Afgelopen december stroomden ze binnen. Nieuwjaarswensen, allemaal met dezelfde boodschap en in vrijwel dezelfde bewoordingen. ‘Laten we 2020 snel afschrijven en meteen doorgaan naar 2021’. Voor sommige mensen kan ik me dat helemaal voorstellen. Je zult maar een geliefde hebben verloren aan corona, nog geen trap kunnen oplopen omdat je te kortademig bent, of CEO zijn van een bedrijf in de evenementenbranche.
Maar dat geldt echt niet voor iedereen die zo’n boodschap stuurde. Vorig jaar heeft ons óók mooie dingen gebracht. Innovaties bijvoorbeeld, meer tijd met de kinderen, ruimte voor reflectie. Ik kan heel slecht tegen die teneur van negativiteit. Bovendien denk ik dat een goede leider het zich ook niet kan veroorloven. Als je als leider je schouders laat hangen, doen je medewerkers dat ook en kun je kapitalen afboeken. Jij bent degene die kansen moet zien en moet inspireren.
Toegegeven, dat gaat mij redelijk makkelijk af. Bij mij is het glas van nature halfvol. Wij hebben thuis bij de eettafel een foto van een vervallen huis ergens in Zuid-Europa. Soms vragen gasten of we daar niet neerslachtig van worden. Juist niet. Mijn vrouw en ik vinden het heerlijk om te fantaseren over hoe we dat huis zouden opknappen en inrichten.

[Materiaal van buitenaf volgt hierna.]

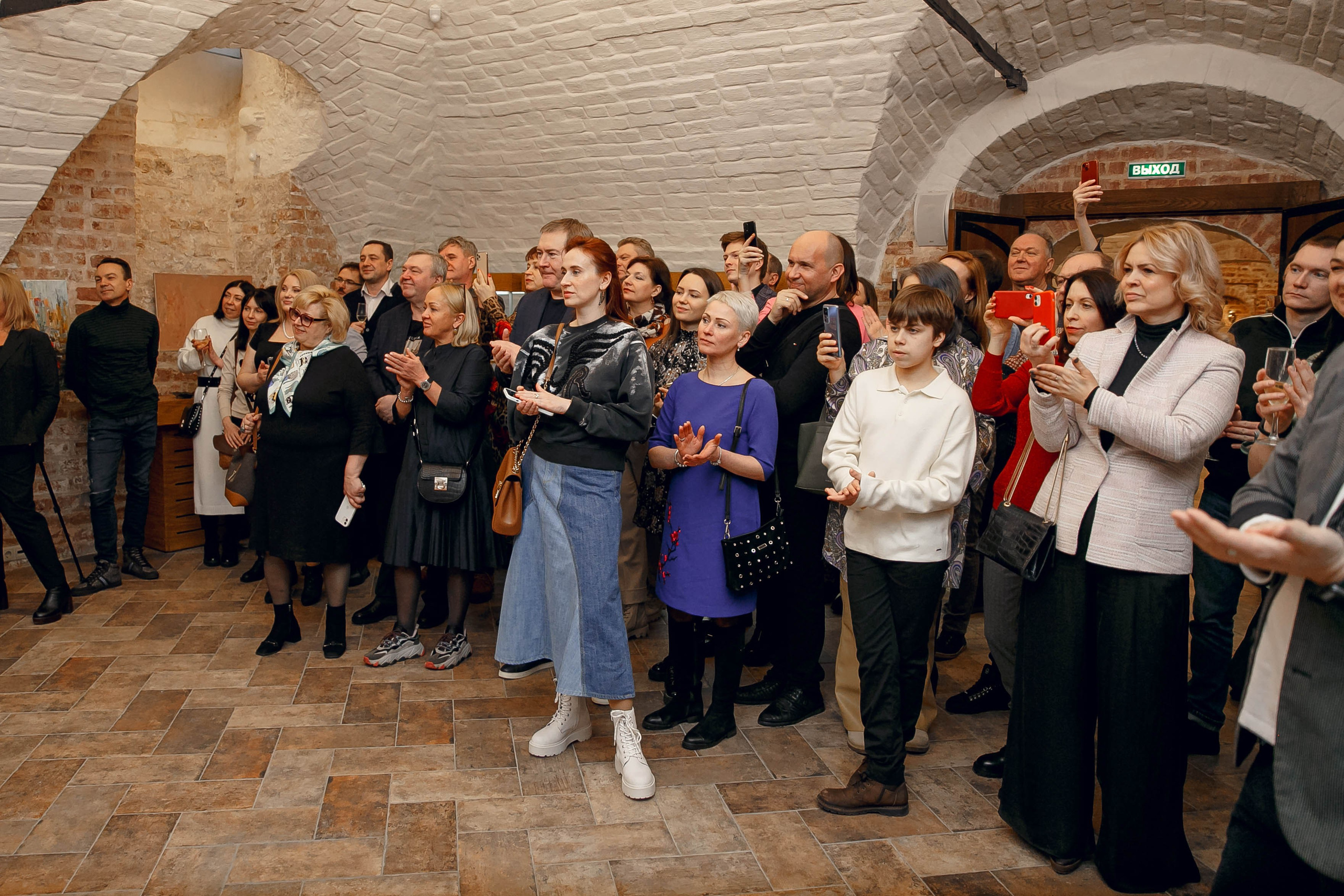 Выставка работ Максима Теплова. Ваш репортажный фотограф Артемий Антонов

Zo gaat het altijd: als ik iets zie dat beter kan, word ik meteen actief. Of het nu een wc-rol is die verkeerd hangt (altijd met het papier van de muur af), of dienstverlening die we online moeten brengen.
Focus op invloed
Een positieve blik is meer dan een karaktertrek die af en toe goed van pas komt. Het is ook iets waar ik aan werk. Ik heb veel met het stoïcisme. Je lijdt niet door wat er gebeurt, maar door wat je daarover dénkt. Je gedachten erover zorgen voor negatieve emoties die je niet verder brengen. Daarom focus ik extreem op mijn cirkel van invloed. Kan ik iets verbeteren? Dan doe ik dat. Ligt het buiten mijn macht? Dan negeer ik het zo veel mogelijk. Dat is precies waarom ik geen nieuws kijk. Nieuws is wat afwijkt van het normale. Dat is in een prachtig land als Nederland meestal negatief.

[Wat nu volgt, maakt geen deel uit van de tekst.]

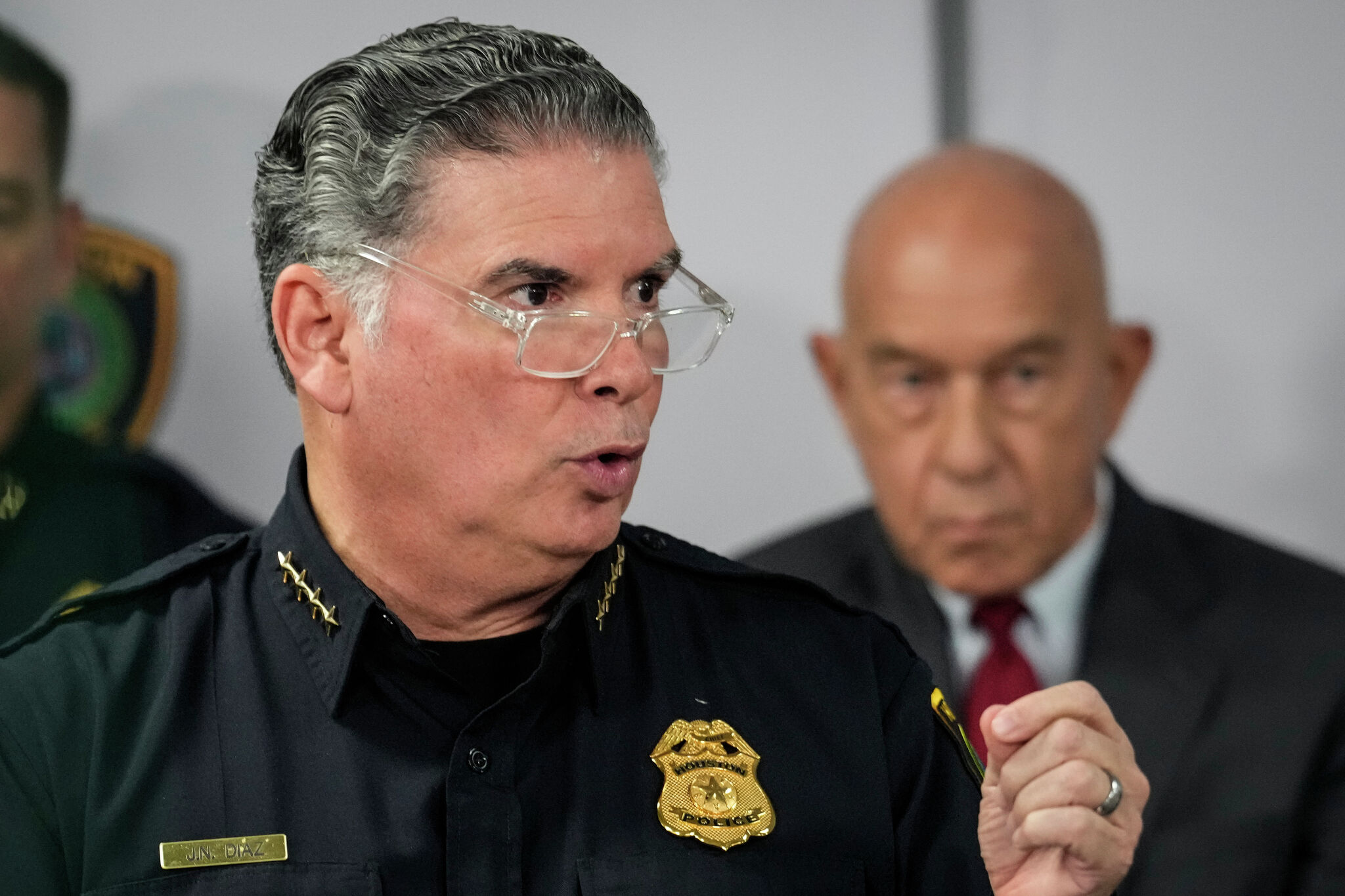 https://s.hdnux.com/photos/01/66/25/06/31019446/6/rawImage.jpg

Die strategie gebruik ik ook in mijn manier van leidinggeven. Dat begint al bij de poort. Iedereen is welkom bij ons (we werken hard aan diversiteit en inclusiviteit) behalve chagrijnen. Dreigt de sfeer even te verzuren? Dan breng ik er lucht in met een grap. Er zijn collega’s die geklokt hebben dat ik niet langer dan 13 minuten achter elkaar serieus kan zijn.
Ik ben eigenlijk nooit mistroostig, maar als ik het wel ben, is het precies dáárom. Mensen denken soms dat het bij mij thuis of op mijn werk altijd allemaal maar halleluja is, omdat we vrolijk in elkaar steken en zakelijk succesvol zijn. Maar ook wij kennen onze tegenslagen en verlies. We bespreken ze elke maand tijdens ons Cultuurcafé. Er zijn genoeg medewerkers met een ernstig zieke partner of een collega met een kindje dat een stamceltransplantatie moest ondergaan. In de tuin van ons nieuwe kantoorpand liggen herdenkingsstenen voor collega’s die overleden zijn. De laatste is van december 2020: Vincent van Giffen, 36 jaar.
AFAS is geen Fake it till you make it – club. Wél kijken we graag naar wat er goed gaat. Dat is ook mijn advies aan jou. Al gaat het nog zo slecht, als je wilt dat het écht slecht gaat, moet je je schouders laten hangen. Kijk naar de lichtpuntjes. Die zijn er altijd. Het afgelopen jaar én het komende.